I have not been tempted, so far, to buy, or download for free, any of the ebooks that BookBub has promoted to me over the past three weeks. As for whether discount sites like BookBub invalidate any conclusions I come to about the price of ebooks in the top 100 Kindle best seller lists, who knows.

Sunday, March 23, 2014

A review of Cormac McCarthy's Blood Meridian



 
Blood Meridian is set in North America in the 1850’s. Most of the action takes place in Mexico. The book follows a 19 year-old boy who after a few misadventures, joins a band of men lead by the real life John Glanton, an ex-Texas Ranger. They head to Mexico to hunt down marauding Apache Indians and get paid for their scalps. They kill a lot of Indians, but then start killing Mexicans.

Similar to McCarthy’s The Road, Blood Meridian reads like watching a film, with no interior monologues from the characters and very little dialogue. So a reader’s only real clue to a character’s motivations is by observing what they do. All the men in the gang appear to be amoral killers totally devoid of empathy for anyone. There are no heroes in this novel. It shows the west as an ugly violent place where only the strong and the uncompromising survive.

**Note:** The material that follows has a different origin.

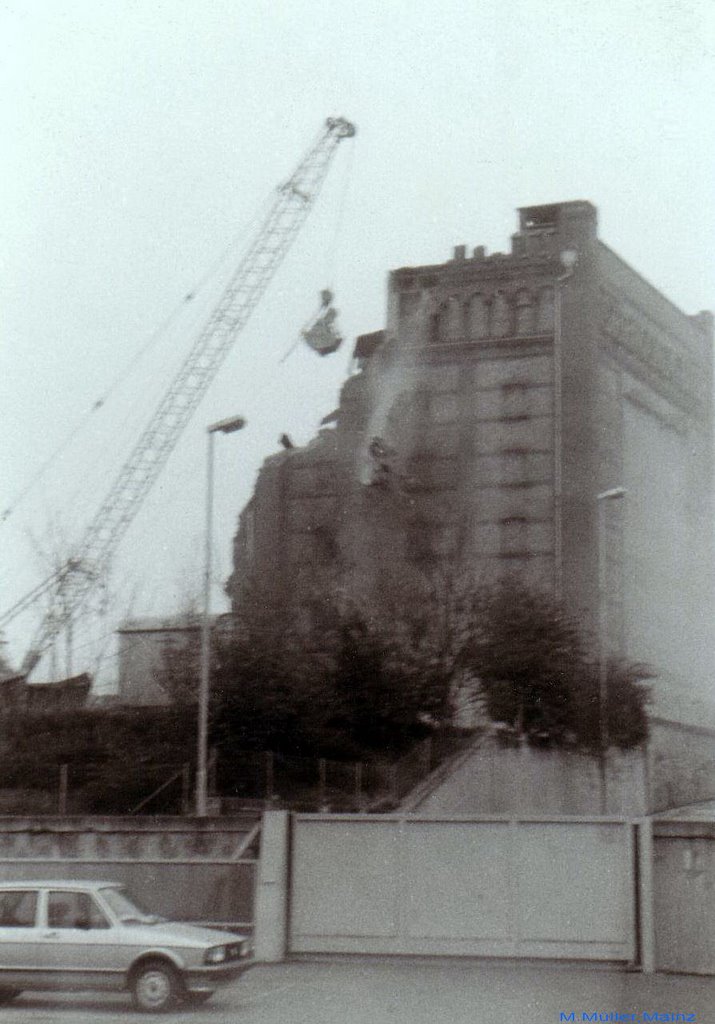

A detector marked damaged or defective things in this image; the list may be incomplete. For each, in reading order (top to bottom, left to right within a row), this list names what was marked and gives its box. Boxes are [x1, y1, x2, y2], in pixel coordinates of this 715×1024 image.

damaged building facade [229, 199, 712, 712]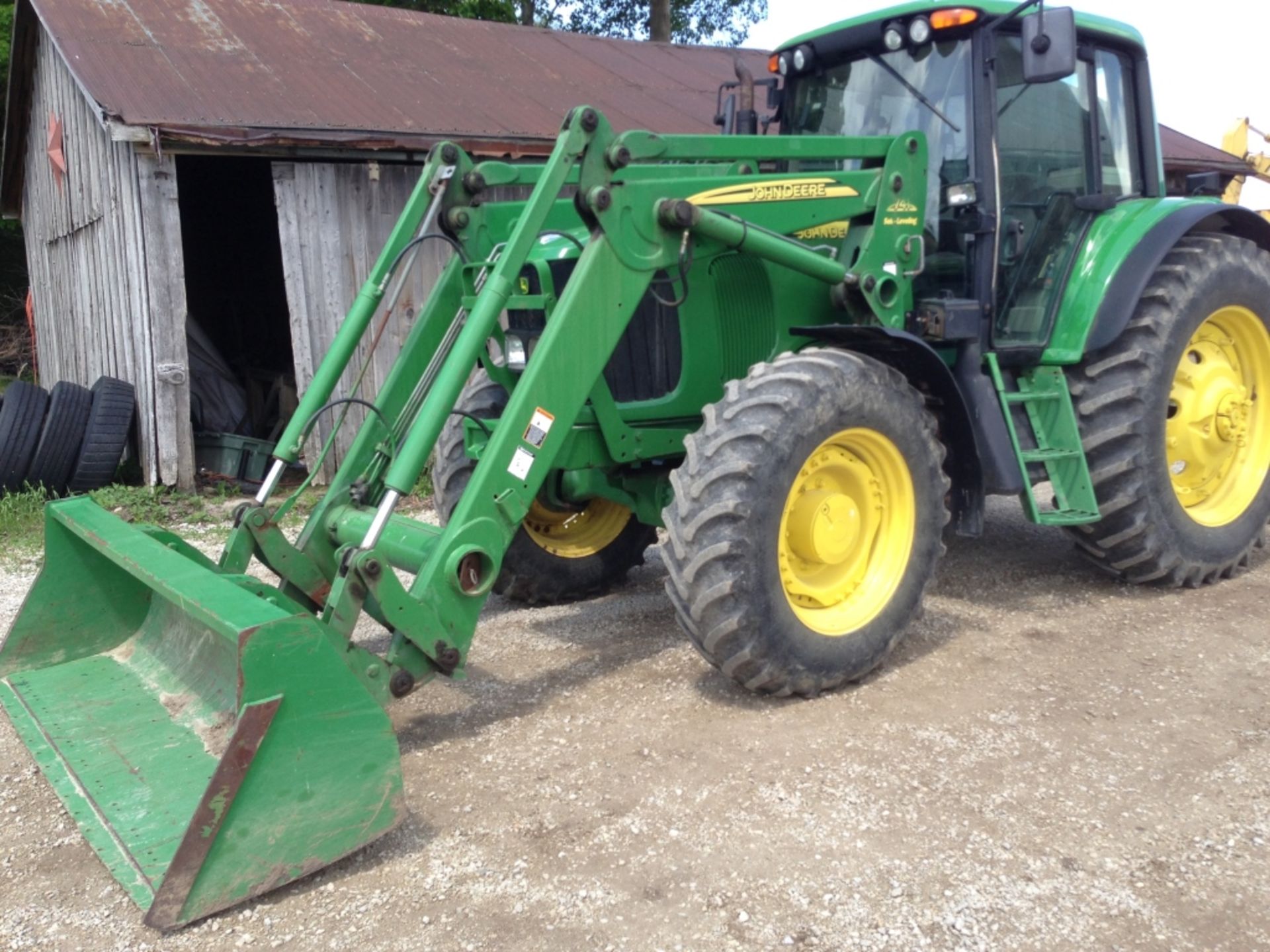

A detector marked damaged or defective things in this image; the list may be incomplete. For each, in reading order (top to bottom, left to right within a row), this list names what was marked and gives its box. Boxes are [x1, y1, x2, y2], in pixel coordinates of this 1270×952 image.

rusty metal roof [12, 0, 762, 153]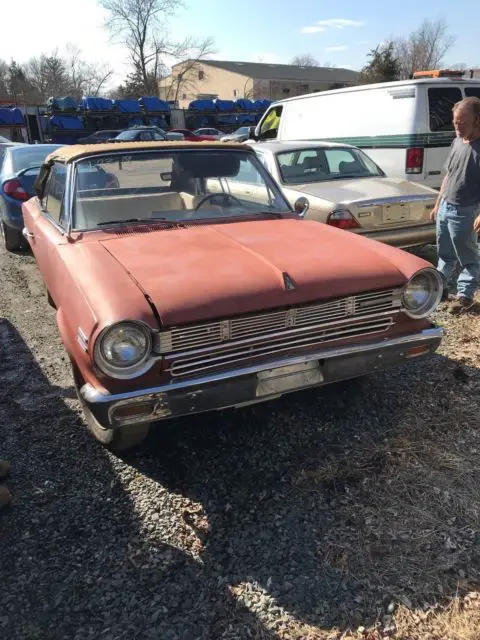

According to Wikipedia “Academics and critics have variously suggested that Blood Meridian is nihilistic or strongly moral; a satire of the western genre, a savage indictment of Manifest Destiny “(In the 19th century, Manifest Destiny was the widely held belief in the United States that American settlers were destined to expand throughout the continent). “Harold Bloom called it "the ultimate western;" J. Douglas Canfield described it as "a grotesque Bildungsroman in which we are denied access to the protagonist's consciousness almost entirely."

Blood Meridian is not an easy book to read. It’s written in a style that will challenge many readers and have most reaching for a dictionary. Some of the limited dialogue is even in Spanish, but a careful reader should figure out what the conversation is about. Much of the book involves long descriptions of the surrounding countryside as the gang rides from one slaughter to the next. It’s left to the reader to decide what the characters are thinking while they ride.

This is a novel for those who enjoy a challenging read.

My next post will be about the ebook promotional site Bookbub.

Sunday, March 16, 2014

Survey of the Price of the Top 100 Selling ibooks on March 2.

My last post analysed the prices of the top 100 selling ebooks on Amazon when I checked on the 2nd of March 2014. In the comments on that post I was made aware of some issues that might question the usefulness of the data I had collected. I will have more to say about that in my next post. But I promised that I would do the same analysis of Apple's top 100 selling ibooks from March 2nd, so here it is. 


Prices of top 100 selling ibooks. 

 

 

It is obvious that the majority of ibooks in the top 100 bestseller list sold for $5.99 or less. With 99c and $2.99 being the most popular prices on the list. It is interesting that only four were priced from $6.99 to $8.99. But then there were seven at $9.99, five at $11.99 and eight at $12.99. So some readers obviously want cheap ibooks while others are willing to pay more. 






In three previous surveys only a few books on the list were 99 cents, but this time there were 17 at that price.





The number selling at $2.99 has been stable, averaging 16.





The number on the list selling for $3.99 has slightly decreased.





The number at $4.99 appears to have peaked in November and be decreasing again. 


 


The number of ibooks on the list at $7 or more is decreasing. This mirrors what I found is happening with ebooks, that the price of electronic books making the top 100 bestselling list is decreasing.